Percorro a Rua Augusta em direcção ao Rossio. Os montes de lojas de pastéis de nata, gelatarias italianas, lojas de sardinhas de conserva, de pastéis de bacalhau têm todos os estores de ferro descidos.

Nas esplanadas, bandos de pombas em cima das mesas procuram em vão uma migalha, e descaradamente, atravessam a rua, sem qualquer receio do transeunte (que na verdade sou só eu). Já perceberam que já não temos a supremacia, somos muito poucos os que atravessam a Rua Augusta, agora. Pombos e mais pombos por todo o lado. Esplanadas cheias de pombos.

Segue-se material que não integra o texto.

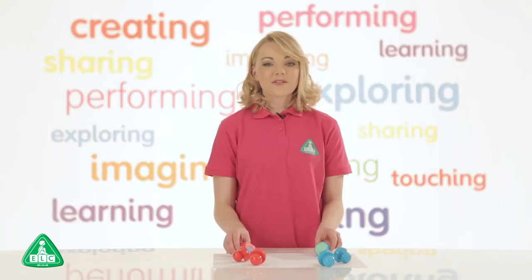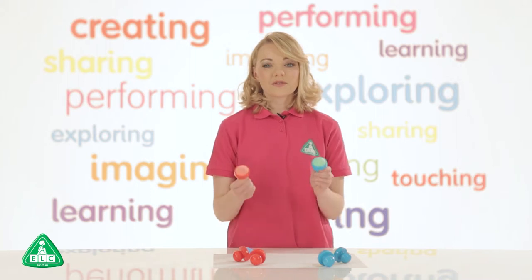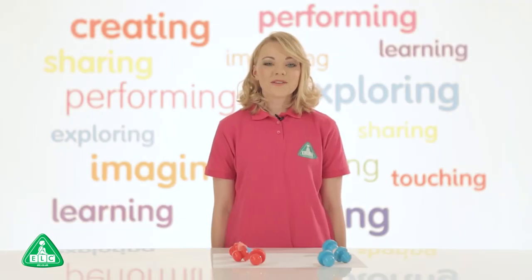The great thing about these chalks is if they are dropped on the floor, they are strong enough not to break. Once the chalks have been used up, you can purchase our refill packs so your little one can continue to enjoy creating their masterpiece.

Isto é que é o que se pode chamar, a verdadeira “Baixa Pombalina”.

Na Praça do Rossio estão os africanos do costume. Guineenses islâmicos, vestidos de túnicas, com o seu solidéu em crochet, o taqiyah, conversam aos pares nos bancos da praça, como se nada tivesse acontecido, como se a cidade fosse a mesma de sempre. Vêm nos comboios que chegam à Estação do Rossio, vindos da linha de Sintra, da Amadora, especialmente. Eram da etnia fula, e aqui se encontram para recordar essa Guiné que deixaram há anos.

À volta do Teatro D. Maria, mais cobertores e caixas de papelão.

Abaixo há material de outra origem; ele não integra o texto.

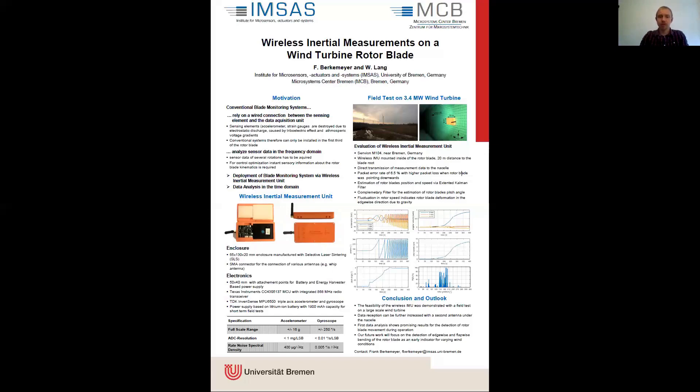The wireless IMU was mounted inside of one rotor blade with 20-meter distance to the blade root, and the measurement data was directly transmitted to the nacelle of the wind turbine. We observed a packet error rate of 6.5%, with higher packet loss when the rotor blade was pointing downwards.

Três ratazanas, às dez da manhã, atravessam a rua em direcção à Benetton. Devem ser ratazanas em hora de ponta.
E lembram-me os abutres do costume, que nas redes sociais, se atiram contra qualquer medida vinda de um estado democrático. Para tentar a confusão, o descrédito, a desordem. Para ver se agarram a ocasião…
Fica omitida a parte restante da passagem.